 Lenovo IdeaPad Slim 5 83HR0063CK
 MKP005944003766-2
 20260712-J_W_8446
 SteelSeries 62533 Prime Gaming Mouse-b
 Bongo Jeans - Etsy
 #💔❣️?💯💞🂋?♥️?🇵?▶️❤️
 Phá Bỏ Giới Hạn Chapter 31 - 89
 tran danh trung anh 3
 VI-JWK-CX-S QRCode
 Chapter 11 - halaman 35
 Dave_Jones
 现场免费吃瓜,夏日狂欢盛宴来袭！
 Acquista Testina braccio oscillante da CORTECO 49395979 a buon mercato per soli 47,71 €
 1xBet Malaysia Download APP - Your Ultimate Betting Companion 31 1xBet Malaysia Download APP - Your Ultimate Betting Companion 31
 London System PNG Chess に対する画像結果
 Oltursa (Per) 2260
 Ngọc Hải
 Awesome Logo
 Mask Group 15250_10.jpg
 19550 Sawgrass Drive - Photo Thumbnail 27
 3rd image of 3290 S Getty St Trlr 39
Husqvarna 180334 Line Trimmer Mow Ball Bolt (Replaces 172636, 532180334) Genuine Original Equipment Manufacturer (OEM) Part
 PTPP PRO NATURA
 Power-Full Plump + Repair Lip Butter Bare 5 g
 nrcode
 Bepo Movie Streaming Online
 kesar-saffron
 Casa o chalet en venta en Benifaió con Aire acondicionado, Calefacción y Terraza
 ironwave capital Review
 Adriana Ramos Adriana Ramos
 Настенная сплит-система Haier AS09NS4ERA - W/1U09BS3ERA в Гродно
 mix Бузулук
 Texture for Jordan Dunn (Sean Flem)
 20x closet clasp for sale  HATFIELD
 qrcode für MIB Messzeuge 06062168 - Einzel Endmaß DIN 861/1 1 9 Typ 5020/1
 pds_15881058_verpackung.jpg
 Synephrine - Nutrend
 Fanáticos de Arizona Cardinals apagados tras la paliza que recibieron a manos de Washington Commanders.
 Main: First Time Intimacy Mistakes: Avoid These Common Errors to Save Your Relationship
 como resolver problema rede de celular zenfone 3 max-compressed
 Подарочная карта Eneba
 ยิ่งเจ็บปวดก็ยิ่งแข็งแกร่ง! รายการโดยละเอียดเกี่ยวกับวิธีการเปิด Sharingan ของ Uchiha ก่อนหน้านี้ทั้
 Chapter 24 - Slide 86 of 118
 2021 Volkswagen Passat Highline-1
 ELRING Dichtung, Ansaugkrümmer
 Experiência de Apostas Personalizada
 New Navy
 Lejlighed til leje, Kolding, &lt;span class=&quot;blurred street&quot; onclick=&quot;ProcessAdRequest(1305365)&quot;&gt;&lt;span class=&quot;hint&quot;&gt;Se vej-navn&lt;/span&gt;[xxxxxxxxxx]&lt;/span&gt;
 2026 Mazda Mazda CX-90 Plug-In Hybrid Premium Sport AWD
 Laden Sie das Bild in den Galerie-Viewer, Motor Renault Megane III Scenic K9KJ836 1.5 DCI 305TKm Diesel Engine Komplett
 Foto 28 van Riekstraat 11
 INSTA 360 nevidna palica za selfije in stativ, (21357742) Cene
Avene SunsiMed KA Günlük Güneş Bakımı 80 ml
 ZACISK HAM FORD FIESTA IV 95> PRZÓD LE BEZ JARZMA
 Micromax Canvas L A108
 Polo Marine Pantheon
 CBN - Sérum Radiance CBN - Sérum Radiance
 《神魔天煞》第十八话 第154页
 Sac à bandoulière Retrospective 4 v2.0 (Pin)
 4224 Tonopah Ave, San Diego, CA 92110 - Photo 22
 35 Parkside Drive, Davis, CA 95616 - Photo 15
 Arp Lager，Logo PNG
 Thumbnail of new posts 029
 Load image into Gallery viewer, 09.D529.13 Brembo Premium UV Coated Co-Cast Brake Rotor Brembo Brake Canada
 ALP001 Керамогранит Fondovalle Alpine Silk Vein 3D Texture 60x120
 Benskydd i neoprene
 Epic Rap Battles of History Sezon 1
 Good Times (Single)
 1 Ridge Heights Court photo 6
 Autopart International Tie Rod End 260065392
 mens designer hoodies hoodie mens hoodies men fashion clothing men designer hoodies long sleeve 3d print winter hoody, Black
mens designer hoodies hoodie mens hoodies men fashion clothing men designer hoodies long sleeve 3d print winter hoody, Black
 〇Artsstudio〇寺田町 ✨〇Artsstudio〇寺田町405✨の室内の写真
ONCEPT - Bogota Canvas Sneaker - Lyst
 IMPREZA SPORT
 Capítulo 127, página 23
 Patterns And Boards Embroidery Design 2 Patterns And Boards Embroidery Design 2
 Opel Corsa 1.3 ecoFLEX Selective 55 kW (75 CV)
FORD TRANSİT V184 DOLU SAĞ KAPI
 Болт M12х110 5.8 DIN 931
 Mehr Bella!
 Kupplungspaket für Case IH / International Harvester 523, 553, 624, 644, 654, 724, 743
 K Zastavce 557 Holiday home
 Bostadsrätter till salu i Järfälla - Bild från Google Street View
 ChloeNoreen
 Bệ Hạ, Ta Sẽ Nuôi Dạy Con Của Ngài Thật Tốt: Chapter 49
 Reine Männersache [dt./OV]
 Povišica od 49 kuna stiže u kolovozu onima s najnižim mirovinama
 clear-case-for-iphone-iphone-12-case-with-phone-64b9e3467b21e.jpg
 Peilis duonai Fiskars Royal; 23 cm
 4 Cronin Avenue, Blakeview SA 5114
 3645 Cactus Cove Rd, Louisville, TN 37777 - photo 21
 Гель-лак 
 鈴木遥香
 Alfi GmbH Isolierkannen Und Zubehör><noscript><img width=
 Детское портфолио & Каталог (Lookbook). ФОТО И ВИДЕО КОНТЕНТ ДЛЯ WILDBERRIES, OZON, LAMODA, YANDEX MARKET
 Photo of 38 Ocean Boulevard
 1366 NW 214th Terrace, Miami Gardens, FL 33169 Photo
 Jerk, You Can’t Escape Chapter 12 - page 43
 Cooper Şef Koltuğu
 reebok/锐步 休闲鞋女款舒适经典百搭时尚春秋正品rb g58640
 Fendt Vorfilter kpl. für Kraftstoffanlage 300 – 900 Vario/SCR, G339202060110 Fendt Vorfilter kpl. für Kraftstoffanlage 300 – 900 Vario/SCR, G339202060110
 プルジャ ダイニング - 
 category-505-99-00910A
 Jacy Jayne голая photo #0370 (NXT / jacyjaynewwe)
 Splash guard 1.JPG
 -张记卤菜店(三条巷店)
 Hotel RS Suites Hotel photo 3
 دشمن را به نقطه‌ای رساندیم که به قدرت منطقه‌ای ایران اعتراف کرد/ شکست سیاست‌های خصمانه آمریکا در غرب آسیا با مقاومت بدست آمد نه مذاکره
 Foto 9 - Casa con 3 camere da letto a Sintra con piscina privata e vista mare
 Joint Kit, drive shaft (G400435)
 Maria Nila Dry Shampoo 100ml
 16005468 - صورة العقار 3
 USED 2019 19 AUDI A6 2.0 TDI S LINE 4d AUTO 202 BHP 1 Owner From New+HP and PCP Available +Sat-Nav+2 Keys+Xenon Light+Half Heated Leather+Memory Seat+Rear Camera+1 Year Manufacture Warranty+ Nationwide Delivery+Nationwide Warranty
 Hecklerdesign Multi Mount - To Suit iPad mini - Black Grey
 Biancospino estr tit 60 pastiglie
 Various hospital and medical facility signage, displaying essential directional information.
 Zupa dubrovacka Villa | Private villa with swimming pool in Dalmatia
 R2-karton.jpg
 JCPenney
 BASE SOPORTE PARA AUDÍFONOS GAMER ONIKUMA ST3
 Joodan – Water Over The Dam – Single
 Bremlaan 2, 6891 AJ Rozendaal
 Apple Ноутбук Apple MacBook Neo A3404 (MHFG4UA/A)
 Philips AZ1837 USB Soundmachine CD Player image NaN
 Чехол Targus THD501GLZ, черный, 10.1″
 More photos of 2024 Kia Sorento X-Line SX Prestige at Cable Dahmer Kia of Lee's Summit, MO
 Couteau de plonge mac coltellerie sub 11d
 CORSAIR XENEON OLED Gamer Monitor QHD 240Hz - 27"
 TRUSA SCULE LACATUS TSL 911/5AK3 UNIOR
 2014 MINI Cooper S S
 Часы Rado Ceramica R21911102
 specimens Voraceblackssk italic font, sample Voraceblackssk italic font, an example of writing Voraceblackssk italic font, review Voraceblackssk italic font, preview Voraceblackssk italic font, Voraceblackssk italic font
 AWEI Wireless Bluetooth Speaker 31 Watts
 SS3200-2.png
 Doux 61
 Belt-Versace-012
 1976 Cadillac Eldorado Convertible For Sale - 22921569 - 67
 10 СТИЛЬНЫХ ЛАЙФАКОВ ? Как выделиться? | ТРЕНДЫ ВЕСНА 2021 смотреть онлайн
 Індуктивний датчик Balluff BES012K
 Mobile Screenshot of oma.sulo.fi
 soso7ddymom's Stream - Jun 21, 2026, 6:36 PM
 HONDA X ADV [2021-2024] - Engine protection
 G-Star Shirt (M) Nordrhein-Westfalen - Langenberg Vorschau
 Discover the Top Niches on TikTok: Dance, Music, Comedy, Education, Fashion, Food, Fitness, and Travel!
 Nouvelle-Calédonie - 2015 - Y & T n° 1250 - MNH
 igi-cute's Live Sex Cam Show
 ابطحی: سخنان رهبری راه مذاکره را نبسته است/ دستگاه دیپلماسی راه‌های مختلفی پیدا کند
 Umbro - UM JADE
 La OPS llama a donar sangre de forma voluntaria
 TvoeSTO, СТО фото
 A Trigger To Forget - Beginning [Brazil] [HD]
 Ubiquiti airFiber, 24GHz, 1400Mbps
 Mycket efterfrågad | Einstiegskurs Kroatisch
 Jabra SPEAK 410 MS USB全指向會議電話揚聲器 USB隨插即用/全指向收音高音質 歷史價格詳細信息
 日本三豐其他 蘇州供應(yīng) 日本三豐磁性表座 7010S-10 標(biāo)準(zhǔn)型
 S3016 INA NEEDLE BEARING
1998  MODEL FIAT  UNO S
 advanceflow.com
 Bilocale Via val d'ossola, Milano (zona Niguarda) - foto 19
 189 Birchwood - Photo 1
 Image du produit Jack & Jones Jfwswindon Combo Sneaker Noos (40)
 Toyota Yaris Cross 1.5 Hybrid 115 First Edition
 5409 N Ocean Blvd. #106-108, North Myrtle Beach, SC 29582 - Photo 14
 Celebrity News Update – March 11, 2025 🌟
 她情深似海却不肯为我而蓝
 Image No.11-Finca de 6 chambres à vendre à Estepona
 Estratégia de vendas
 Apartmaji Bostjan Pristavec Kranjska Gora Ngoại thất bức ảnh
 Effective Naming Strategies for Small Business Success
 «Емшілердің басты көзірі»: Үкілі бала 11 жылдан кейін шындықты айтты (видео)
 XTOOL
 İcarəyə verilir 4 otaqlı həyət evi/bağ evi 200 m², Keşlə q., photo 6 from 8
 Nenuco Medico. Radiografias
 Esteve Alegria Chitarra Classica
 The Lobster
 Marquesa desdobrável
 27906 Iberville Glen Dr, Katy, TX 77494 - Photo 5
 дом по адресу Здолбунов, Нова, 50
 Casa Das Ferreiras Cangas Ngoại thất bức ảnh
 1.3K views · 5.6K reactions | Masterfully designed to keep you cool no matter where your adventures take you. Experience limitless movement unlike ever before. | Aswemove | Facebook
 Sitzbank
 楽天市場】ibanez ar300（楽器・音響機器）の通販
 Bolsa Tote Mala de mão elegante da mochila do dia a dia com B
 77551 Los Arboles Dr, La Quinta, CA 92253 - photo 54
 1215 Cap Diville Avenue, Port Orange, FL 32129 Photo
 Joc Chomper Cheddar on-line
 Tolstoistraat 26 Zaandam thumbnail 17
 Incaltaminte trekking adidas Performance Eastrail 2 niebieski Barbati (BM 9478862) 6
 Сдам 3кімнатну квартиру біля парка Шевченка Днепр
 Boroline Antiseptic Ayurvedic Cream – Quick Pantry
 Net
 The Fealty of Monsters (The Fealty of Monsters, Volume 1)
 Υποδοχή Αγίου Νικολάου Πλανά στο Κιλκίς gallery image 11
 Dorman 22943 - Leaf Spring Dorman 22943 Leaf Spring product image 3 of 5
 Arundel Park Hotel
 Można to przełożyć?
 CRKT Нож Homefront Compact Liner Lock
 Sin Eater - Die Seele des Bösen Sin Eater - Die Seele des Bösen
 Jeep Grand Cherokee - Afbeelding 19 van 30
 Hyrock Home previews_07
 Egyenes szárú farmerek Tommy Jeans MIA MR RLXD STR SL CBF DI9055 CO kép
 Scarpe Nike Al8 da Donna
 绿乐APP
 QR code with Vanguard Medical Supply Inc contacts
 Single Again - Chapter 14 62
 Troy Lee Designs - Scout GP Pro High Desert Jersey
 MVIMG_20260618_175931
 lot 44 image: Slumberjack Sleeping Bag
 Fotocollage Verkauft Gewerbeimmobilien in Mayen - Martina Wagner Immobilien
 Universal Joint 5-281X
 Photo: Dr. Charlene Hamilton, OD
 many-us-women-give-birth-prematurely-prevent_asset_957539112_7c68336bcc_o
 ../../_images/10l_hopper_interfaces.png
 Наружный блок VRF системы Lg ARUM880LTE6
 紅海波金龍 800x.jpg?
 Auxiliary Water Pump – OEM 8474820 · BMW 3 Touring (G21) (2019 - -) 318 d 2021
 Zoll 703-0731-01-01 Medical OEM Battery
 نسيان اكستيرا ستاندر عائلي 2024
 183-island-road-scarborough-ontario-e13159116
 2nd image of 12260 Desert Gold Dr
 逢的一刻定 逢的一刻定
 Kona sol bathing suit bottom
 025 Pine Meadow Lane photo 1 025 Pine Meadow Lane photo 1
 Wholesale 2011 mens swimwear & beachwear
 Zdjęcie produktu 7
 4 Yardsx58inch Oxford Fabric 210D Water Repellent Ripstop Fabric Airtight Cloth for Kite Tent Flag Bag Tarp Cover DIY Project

__________________________________________________

**Exercise aim**
Using the data above, restate word for word the lines from its opening line through the line that contains "Acquista Testina braccio", and no more.

**Written answer**
 Lenovo IdeaPad Slim 5 83HR0063CK
 MKP005944003766-2
 20260712-J_W_8446
 SteelSeries 62533 Prime Gaming Mouse-b
 Bongo Jeans - Etsy
 #💔❣️?💯💞🂋?♥️?🇵?▶️❤️
 Phá Bỏ Giới Hạn Chapter 31 - 89
 tran danh trung anh 3
 VI-JWK-CX-S QRCode
 Chapter 11 - halaman 35
 Dave_Jones
 现场免费吃瓜,夏日狂欢盛宴来袭！
 Acquista Testina braccio oscillante da CORTECO 49395979 a buon mercato per soli 47,71 €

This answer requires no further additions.